• **HOW TO COMPLETE THIS TASK**:
Your answer should contain only the lines from the top of the data below down through the one with "A blurred person", transcribed exactly and without pictures; please include nothing more.

[Start of section]

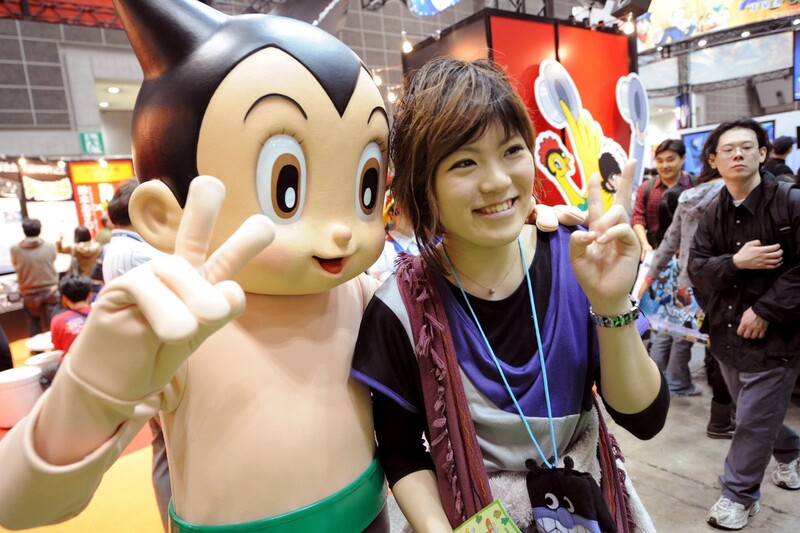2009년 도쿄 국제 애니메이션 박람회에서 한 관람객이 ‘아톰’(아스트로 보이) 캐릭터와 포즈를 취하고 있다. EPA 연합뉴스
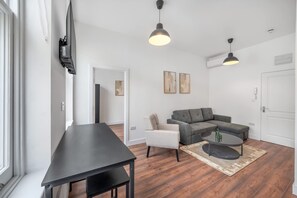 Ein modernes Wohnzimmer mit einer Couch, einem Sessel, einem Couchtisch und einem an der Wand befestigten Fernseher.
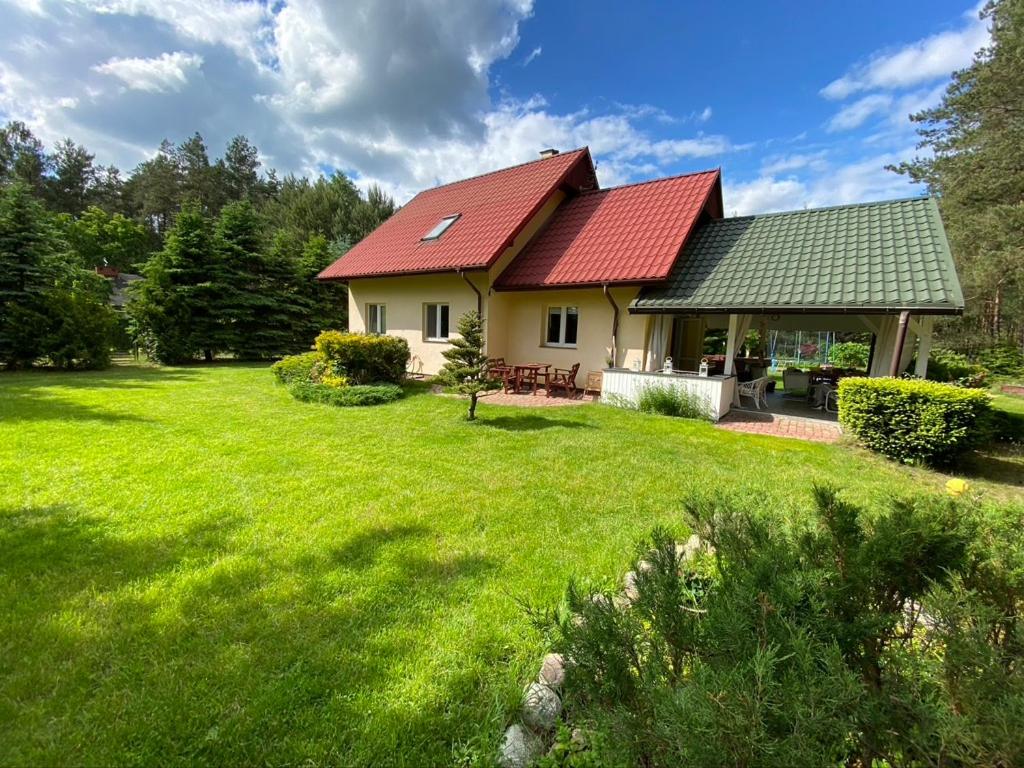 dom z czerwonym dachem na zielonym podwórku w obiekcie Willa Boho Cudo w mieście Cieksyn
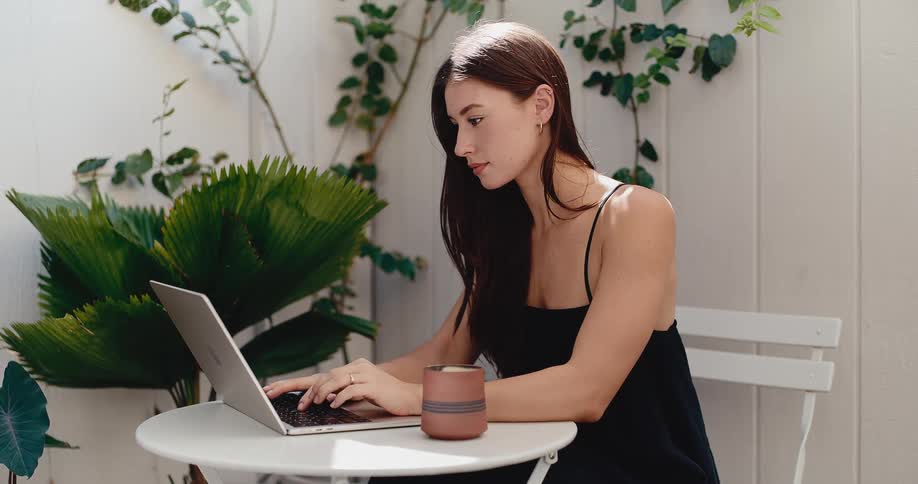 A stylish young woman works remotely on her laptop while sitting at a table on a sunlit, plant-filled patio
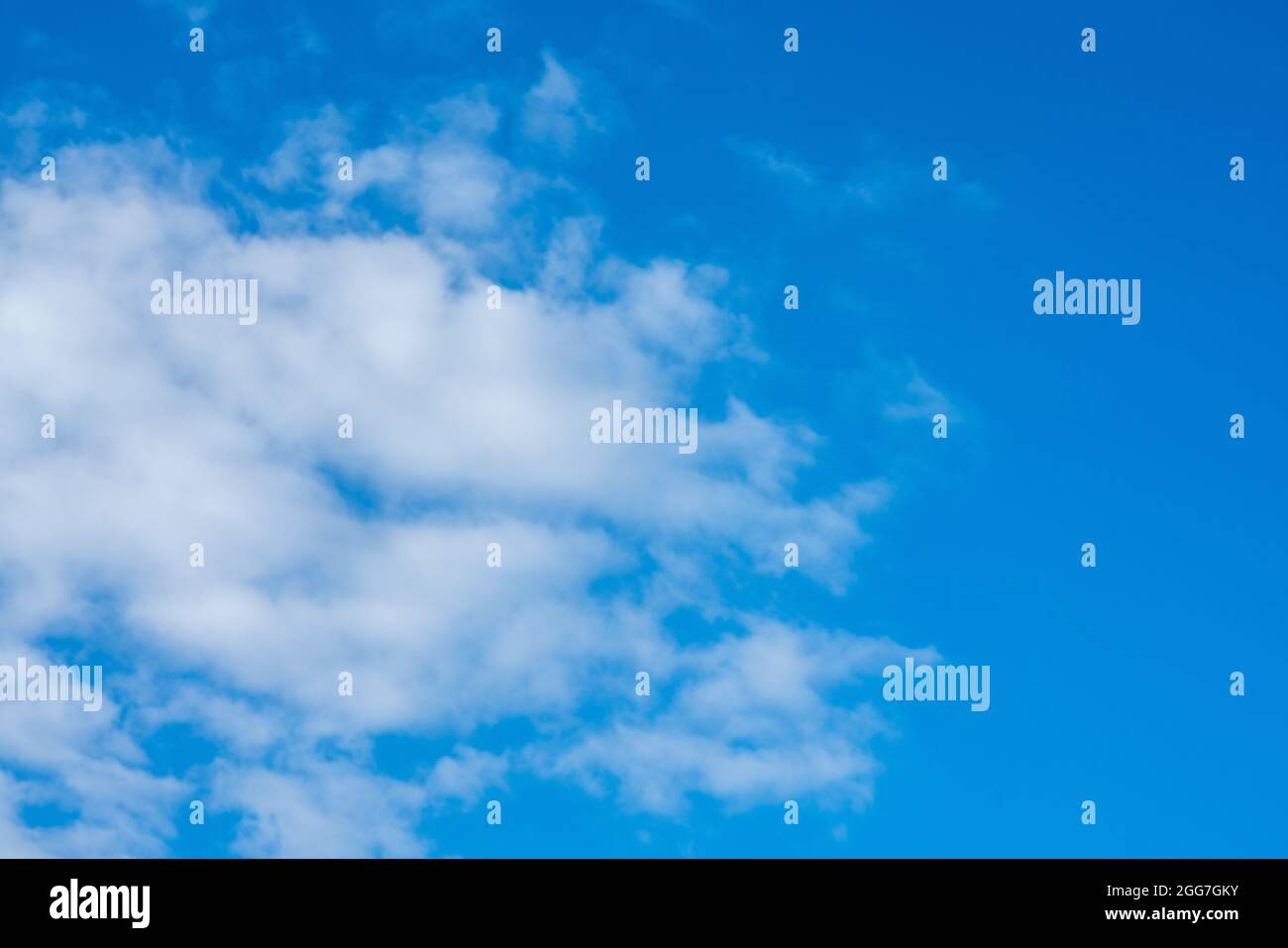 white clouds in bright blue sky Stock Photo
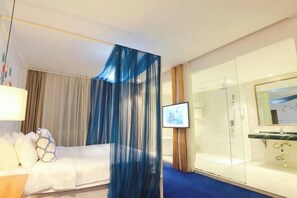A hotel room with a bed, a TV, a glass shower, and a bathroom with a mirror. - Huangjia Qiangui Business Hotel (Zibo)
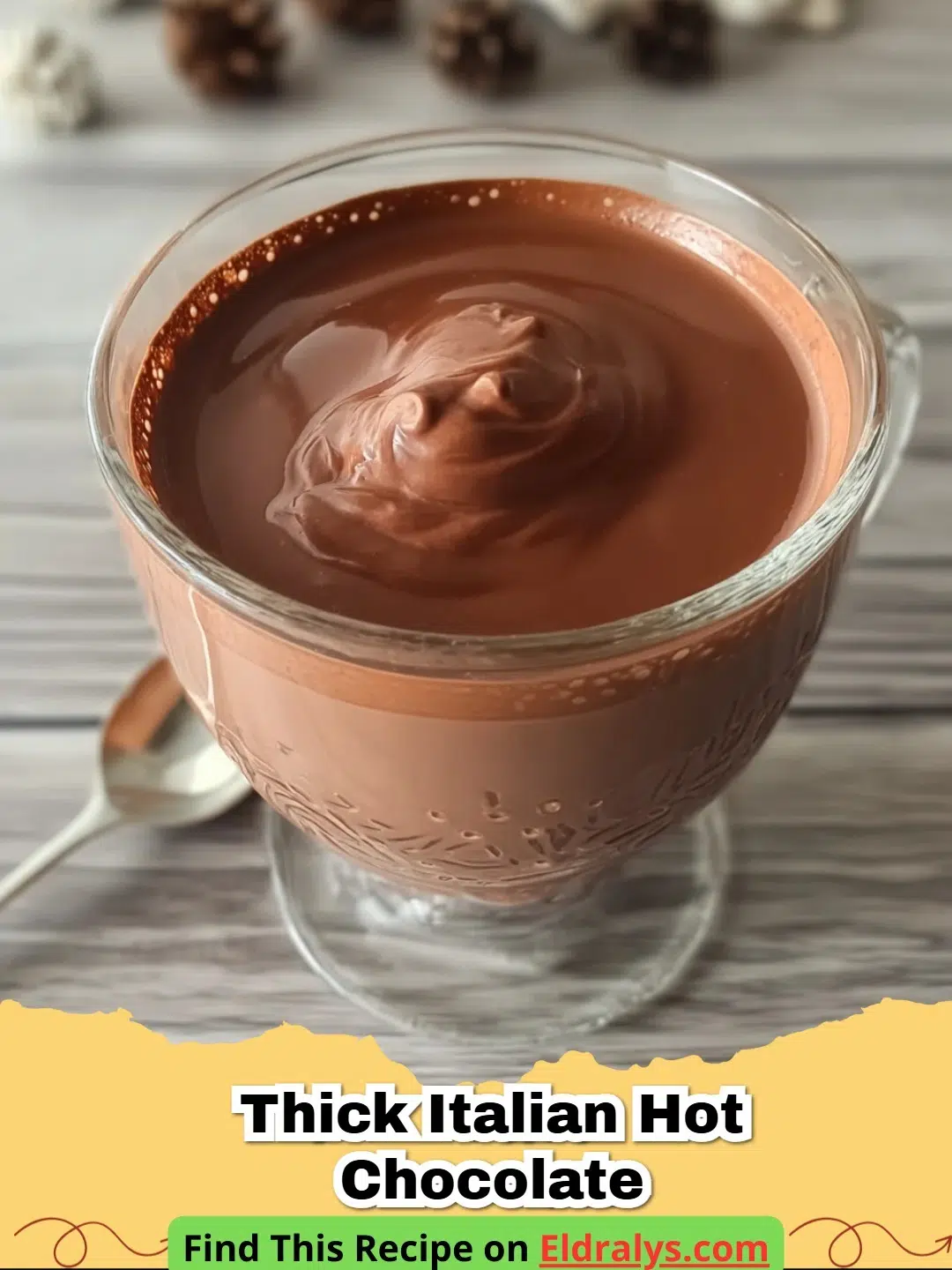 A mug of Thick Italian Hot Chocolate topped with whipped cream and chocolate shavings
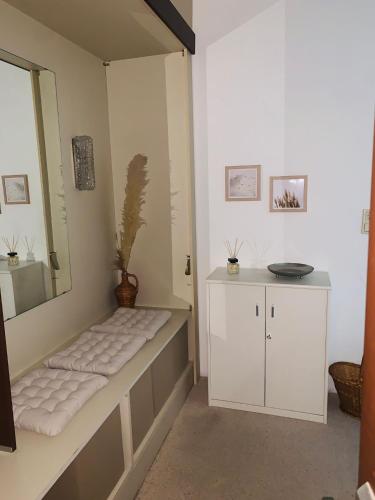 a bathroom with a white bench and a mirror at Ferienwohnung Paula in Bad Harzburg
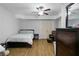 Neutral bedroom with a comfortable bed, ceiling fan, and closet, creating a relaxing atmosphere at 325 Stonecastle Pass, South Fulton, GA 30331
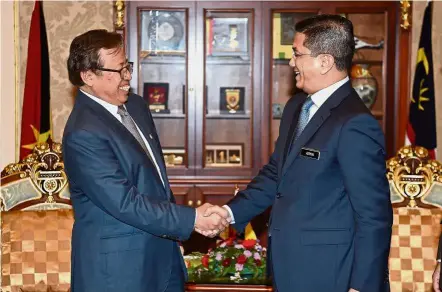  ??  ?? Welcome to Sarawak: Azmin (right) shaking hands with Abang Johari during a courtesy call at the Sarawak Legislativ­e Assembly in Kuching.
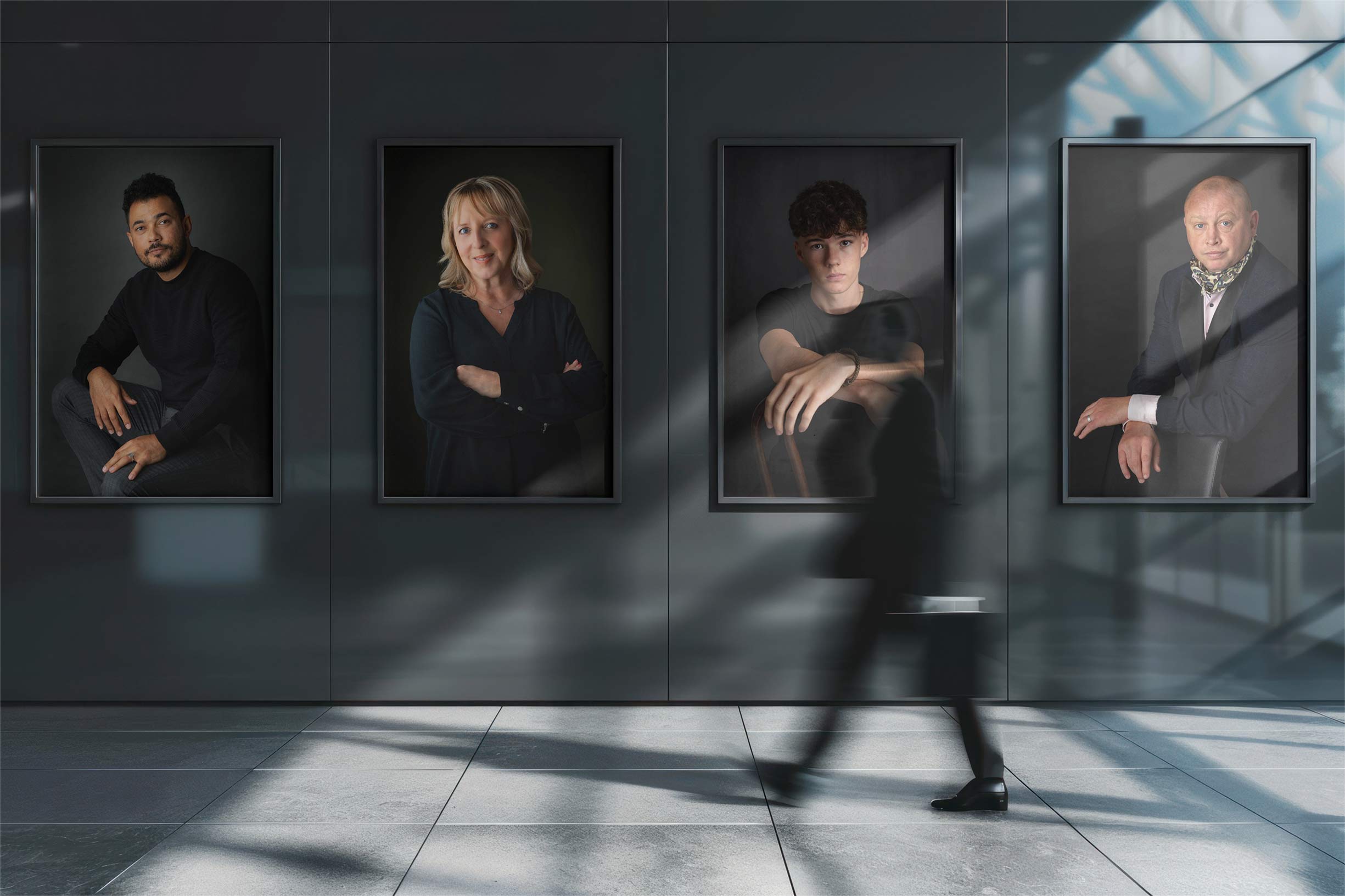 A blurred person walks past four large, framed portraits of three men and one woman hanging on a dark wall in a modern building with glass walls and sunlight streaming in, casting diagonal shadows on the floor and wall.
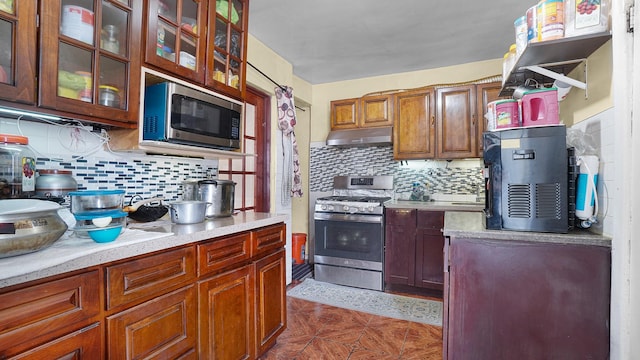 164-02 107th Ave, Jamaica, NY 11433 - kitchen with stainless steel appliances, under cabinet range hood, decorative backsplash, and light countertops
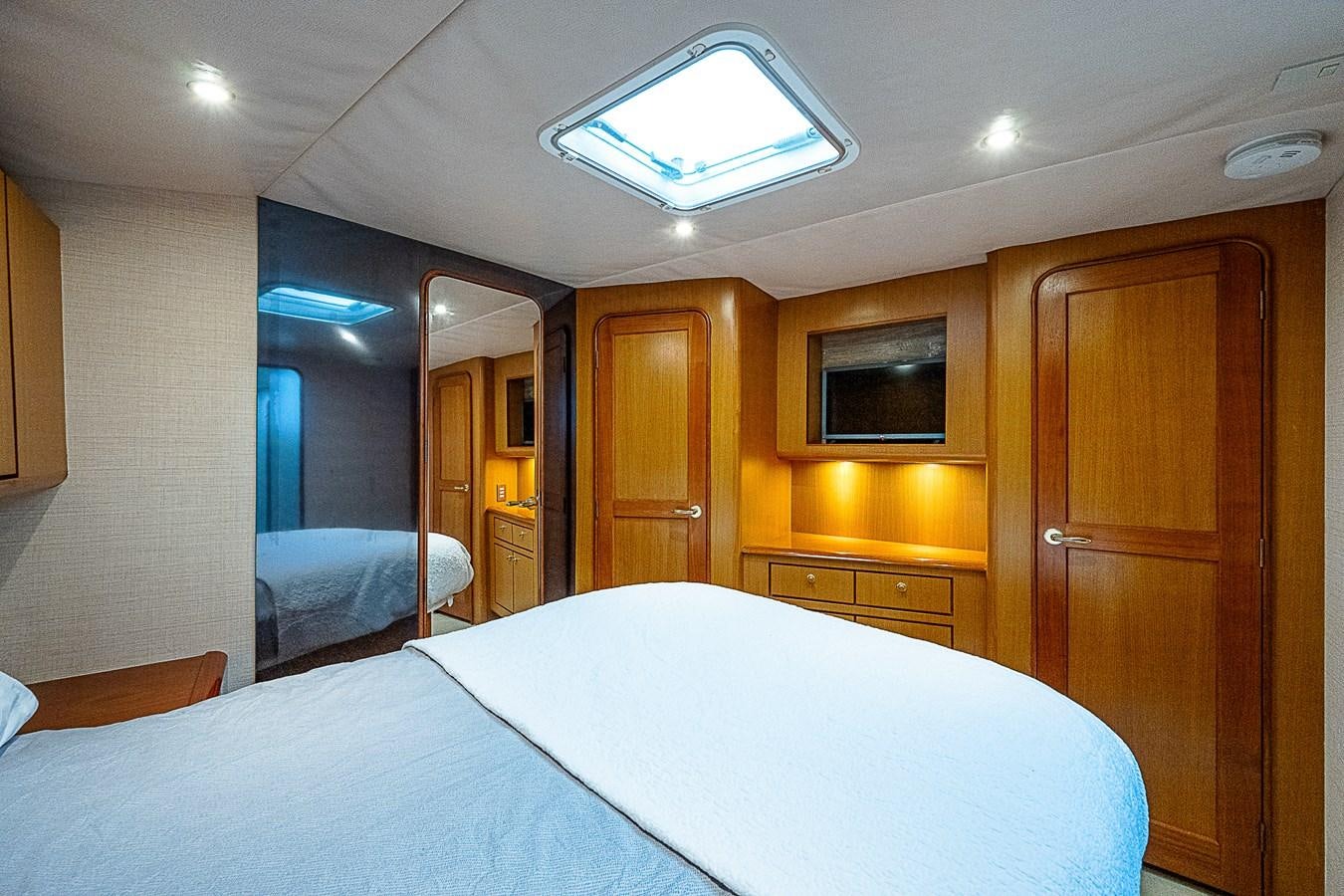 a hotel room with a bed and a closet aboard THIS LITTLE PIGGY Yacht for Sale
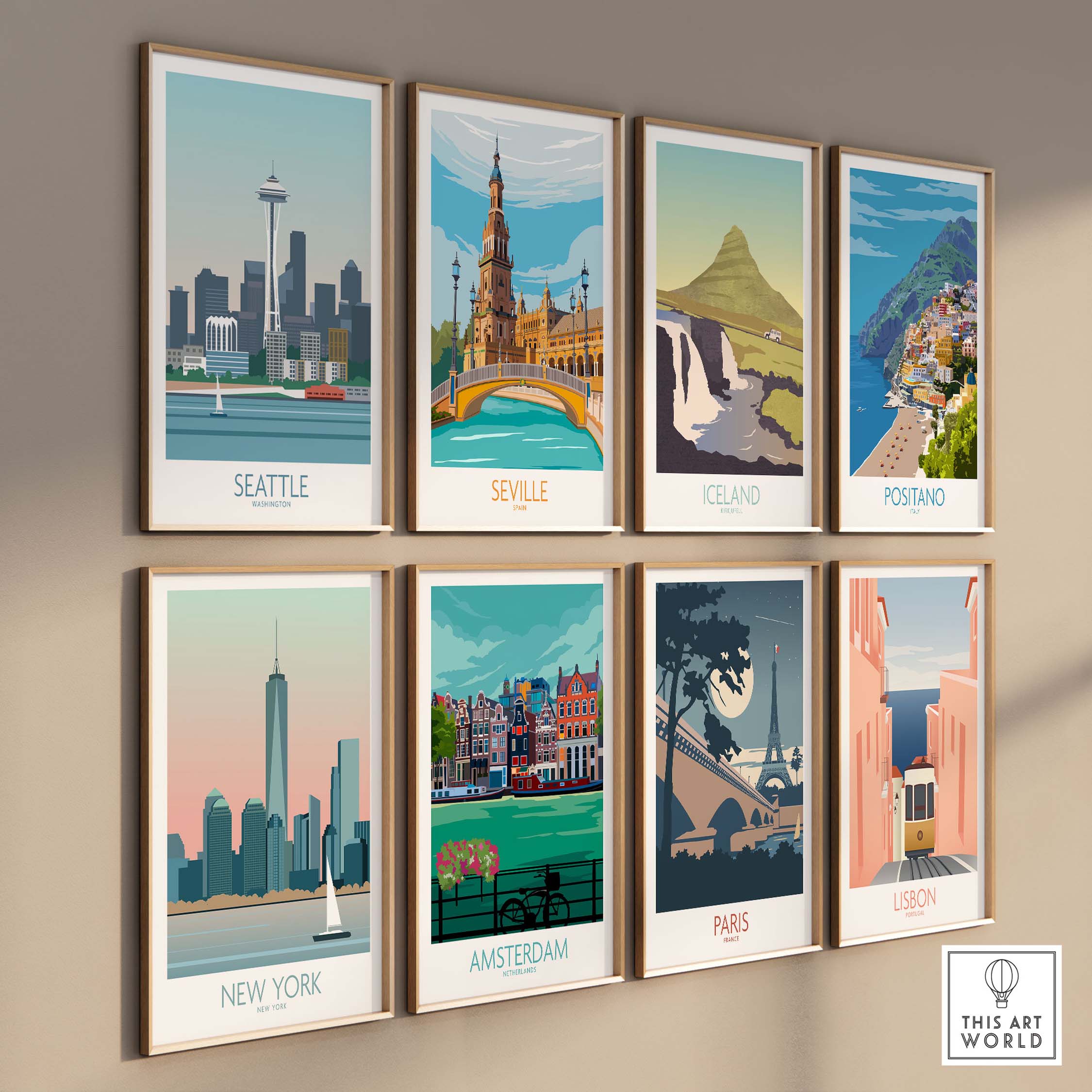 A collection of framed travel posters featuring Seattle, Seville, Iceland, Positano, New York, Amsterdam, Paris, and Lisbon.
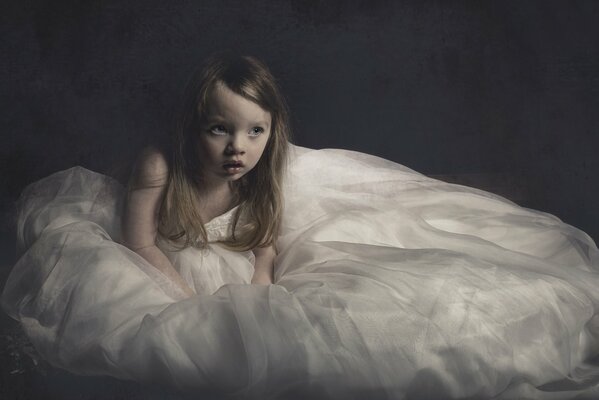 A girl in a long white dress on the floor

[End of section]

• **EXERCISE SOLUTION**:
2009년 도쿄 국제 애니메이션 박람회에서 한 관람객이 ‘아톰’(아스트로 보이) 캐릭터와 포즈를 취하고 있다. EPA 연합뉴스
 Ein modernes Wohnzimmer mit einer Couch, einem Sessel, einem Couchtisch und einem an der Wand befestigten Fernseher.
 dom z czerwonym dachem na zielonym podwórku w obiekcie Willa Boho Cudo w mieście Cieksyn
 A stylish young woman works remotely on her laptop while sitting at a table on a sunlit, plant-filled patio
 white clouds in bright blue sky Stock Photo
A hotel room with a bed, a TV, a glass shower, and a bathroom with a mirror. - Huangjia Qiangui Business Hotel (Zibo)
 A mug of Thick Italian Hot Chocolate topped with whipped cream and chocolate shavings
 a bathroom with a white bench and a mirror at Ferienwohnung Paula in Bad Harzburg
 Neutral bedroom with a comfortable bed, ceiling fan, and closet, creating a relaxing atmosphere at 325 Stonecastle Pass, South Fulton, GA 30331
  ??  ?? Welcome to Sarawak: Azmin (right) shaking hands with Abang Johari during a courtesy call at the Sarawak Legislativ­e Assembly in Kuching.
 A blurred person walks past four large, framed portraits of three men and one woman hanging on a dark wall in a modern building with glass walls and sunlight streaming in, casting diagonal shadows on the floor and wall.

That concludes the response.